__TASK DESCRIPTION__. Look through the listing below and write out exactly the lines from the line with "Temno modra, lahka" to the line with "Vintage Heart Stick", both included, and no others.

━━━━

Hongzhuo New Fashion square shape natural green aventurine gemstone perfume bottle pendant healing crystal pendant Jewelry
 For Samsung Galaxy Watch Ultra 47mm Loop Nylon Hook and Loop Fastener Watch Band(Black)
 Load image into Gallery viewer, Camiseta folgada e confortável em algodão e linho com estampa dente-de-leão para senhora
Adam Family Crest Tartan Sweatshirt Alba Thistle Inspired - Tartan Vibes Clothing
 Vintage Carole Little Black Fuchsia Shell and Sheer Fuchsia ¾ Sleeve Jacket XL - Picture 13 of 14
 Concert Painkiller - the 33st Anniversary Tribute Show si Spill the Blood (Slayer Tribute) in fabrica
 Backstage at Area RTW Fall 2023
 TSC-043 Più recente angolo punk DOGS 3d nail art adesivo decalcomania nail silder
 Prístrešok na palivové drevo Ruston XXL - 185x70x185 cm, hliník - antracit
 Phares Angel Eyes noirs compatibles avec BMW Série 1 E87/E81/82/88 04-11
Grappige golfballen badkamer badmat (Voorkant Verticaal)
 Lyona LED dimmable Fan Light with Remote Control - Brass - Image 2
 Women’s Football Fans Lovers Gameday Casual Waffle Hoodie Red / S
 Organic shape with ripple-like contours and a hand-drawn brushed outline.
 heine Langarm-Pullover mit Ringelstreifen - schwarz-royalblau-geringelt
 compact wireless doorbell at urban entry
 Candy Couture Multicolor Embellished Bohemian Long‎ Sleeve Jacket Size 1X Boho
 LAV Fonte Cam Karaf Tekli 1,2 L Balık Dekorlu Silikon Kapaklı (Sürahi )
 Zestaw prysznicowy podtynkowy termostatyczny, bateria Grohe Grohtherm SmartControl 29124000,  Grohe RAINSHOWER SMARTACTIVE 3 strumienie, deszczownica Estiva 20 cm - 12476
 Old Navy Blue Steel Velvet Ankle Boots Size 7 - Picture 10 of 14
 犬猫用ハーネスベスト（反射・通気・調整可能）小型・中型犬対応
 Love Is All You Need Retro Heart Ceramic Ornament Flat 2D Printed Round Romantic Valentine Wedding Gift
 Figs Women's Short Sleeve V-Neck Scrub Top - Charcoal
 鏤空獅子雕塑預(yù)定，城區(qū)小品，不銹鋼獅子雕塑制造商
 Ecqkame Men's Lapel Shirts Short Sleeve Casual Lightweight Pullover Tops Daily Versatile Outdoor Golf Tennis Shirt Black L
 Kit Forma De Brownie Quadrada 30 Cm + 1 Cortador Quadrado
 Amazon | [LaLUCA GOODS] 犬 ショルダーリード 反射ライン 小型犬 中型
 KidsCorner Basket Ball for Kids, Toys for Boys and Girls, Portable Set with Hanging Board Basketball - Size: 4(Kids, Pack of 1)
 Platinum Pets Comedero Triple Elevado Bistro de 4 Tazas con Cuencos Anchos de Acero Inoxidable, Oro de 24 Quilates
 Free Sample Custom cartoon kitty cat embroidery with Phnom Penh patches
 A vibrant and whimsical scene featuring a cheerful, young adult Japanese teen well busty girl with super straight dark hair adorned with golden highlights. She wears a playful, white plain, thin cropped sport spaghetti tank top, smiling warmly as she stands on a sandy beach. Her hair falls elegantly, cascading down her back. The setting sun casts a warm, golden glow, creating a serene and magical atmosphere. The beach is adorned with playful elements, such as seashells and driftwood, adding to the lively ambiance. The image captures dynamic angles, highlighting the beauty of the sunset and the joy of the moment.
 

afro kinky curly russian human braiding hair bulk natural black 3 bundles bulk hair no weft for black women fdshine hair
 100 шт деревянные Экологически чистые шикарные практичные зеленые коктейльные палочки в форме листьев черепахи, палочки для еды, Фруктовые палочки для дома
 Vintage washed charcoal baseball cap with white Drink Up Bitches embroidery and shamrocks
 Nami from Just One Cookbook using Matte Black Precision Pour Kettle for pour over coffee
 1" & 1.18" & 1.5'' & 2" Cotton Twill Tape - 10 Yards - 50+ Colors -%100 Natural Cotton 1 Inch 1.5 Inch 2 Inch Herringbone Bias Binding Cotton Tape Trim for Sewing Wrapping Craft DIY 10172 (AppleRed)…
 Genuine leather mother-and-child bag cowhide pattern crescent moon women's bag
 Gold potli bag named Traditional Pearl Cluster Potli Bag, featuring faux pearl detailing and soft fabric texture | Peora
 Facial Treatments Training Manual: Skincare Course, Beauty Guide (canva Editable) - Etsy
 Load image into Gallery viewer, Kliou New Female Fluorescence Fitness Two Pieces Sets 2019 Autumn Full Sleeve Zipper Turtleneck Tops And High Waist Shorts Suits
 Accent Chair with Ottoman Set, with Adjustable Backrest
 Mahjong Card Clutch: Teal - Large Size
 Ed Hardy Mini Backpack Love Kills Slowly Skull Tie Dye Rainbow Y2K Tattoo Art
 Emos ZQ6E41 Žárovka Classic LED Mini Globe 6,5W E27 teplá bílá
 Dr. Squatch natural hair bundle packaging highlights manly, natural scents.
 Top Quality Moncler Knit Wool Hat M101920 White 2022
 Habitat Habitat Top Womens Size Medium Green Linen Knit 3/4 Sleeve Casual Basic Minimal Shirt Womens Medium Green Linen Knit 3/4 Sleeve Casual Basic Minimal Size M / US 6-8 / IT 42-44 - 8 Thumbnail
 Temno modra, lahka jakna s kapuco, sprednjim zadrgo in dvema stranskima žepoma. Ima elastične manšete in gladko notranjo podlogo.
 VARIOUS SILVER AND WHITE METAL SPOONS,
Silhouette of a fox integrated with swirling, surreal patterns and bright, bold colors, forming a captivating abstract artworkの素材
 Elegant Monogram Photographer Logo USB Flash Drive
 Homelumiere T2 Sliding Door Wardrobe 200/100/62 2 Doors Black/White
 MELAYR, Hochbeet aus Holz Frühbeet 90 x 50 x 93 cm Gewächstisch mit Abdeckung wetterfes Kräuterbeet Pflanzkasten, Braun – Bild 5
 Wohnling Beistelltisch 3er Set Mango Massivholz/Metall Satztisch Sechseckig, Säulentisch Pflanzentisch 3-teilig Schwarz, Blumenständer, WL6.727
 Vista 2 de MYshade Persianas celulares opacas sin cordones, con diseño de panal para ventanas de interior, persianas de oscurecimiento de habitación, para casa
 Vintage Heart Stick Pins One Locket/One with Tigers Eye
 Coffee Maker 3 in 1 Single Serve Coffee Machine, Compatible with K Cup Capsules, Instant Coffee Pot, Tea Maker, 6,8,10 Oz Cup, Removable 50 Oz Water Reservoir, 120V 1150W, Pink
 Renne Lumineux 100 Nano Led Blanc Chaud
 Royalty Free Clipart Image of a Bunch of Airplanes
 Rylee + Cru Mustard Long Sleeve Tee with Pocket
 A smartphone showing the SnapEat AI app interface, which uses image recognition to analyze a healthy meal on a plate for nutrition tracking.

━━━━

__EXERCISE RESULT__.
 Temno modra, lahka jakna s kapuco, sprednjim zadrgo in dvema stranskima žepoma. Ima elastične manšete in gladko notranjo podlogo.
 VARIOUS SILVER AND WHITE METAL SPOONS,
Silhouette of a fox integrated with swirling, surreal patterns and bright, bold colors, forming a captivating abstract artworkの素材
 Elegant Monogram Photographer Logo USB Flash Drive
 Homelumiere T2 Sliding Door Wardrobe 200/100/62 2 Doors Black/White
 MELAYR, Hochbeet aus Holz Frühbeet 90 x 50 x 93 cm Gewächstisch mit Abdeckung wetterfes Kräuterbeet Pflanzkasten, Braun – Bild 5
 Wohnling Beistelltisch 3er Set Mango Massivholz/Metall Satztisch Sechseckig, Säulentisch Pflanzentisch 3-teilig Schwarz, Blumenständer, WL6.727
 Vista 2 de MYshade Persianas celulares opacas sin cordones, con diseño de panal para ventanas de interior, persianas de oscurecimiento de habitación, para casa
 Vintage Heart Stick Pins One Locket/One with Tigers Eye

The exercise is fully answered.